Film score by Philip Klein
- Released: June 11, 2021
- Recorded: 2020–2021
- Genre: Film score
- Length: 69:01
- Label: Milan
- Producer: Philip Klein

Philip Klein chronology
| The Last Full Measure (2020) | Wish Dragon (2021) | Pig (2021) |

= Wish Dragon (soundtrack) =

Wish Dragon (Original Motion Picture Soundtrack) is the soundtrack album to the 2021 animated family comedy film Wish Dragon directed by Chris Appelhans. The musical score is composed by Philip Klein which was released through Milan Records on June 11, 2021.

== Development ==
Philip Klein composed the film score for Wish Dragon. He shared a good friendship with Aron Warner, one of the film's producers, who recommended his name to Appelhans. Klein submitted few demos to Appelhans which he liked, and the latter arranged a meeting with both Klein and Warner, discussing the musical ideas and possibilities. The producer and director eventually approved Klein's involvement.
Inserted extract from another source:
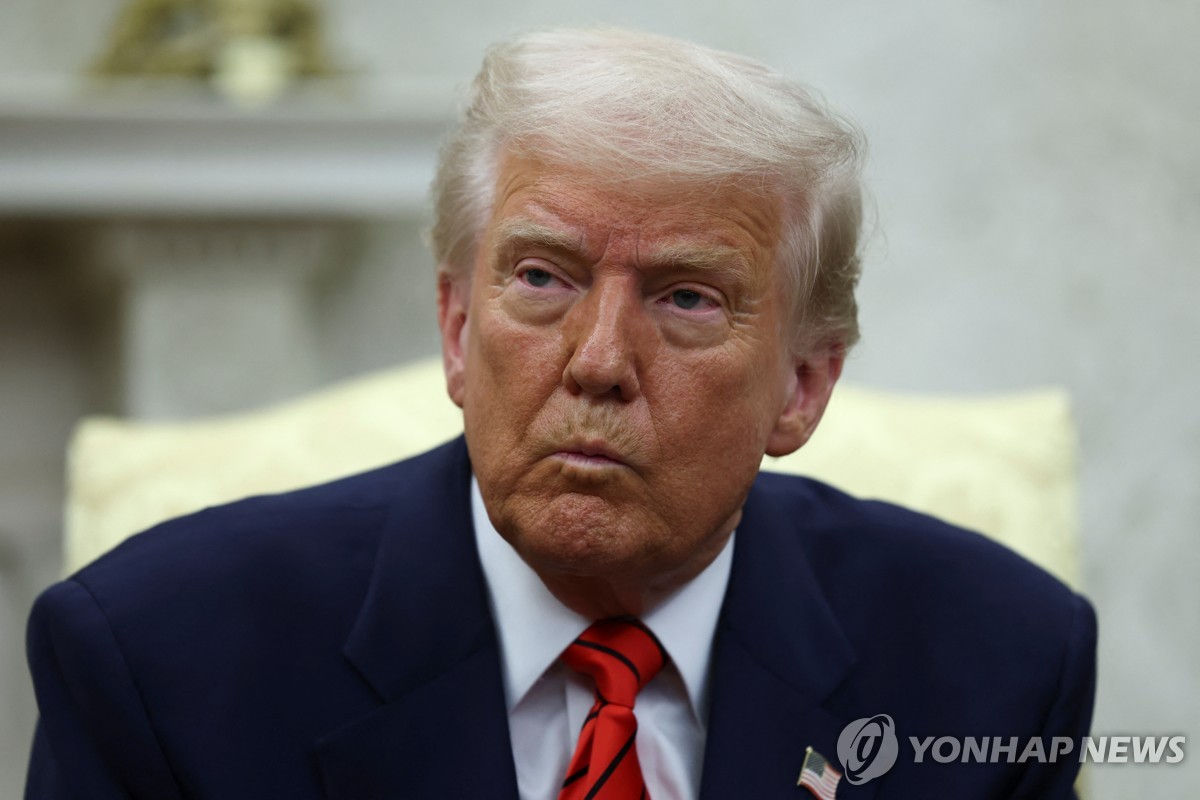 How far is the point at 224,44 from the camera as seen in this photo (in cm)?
303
He further admitted that Appelhans' "passion for storytelling, the characters and the culture is what drew me in early on". Klein sent several other Chinese instrument sounds, folk songs, vocal demos and operatic percussions, "basically any sound we could find" and eventually zeroed on the overall palette and approach they thought that would work and experiment with those bound. Klein said that "Chris [Appelhans] had such a strong vision of what he wanted and needed out of the score" admitting that he has been also involved with the musical process from start to end.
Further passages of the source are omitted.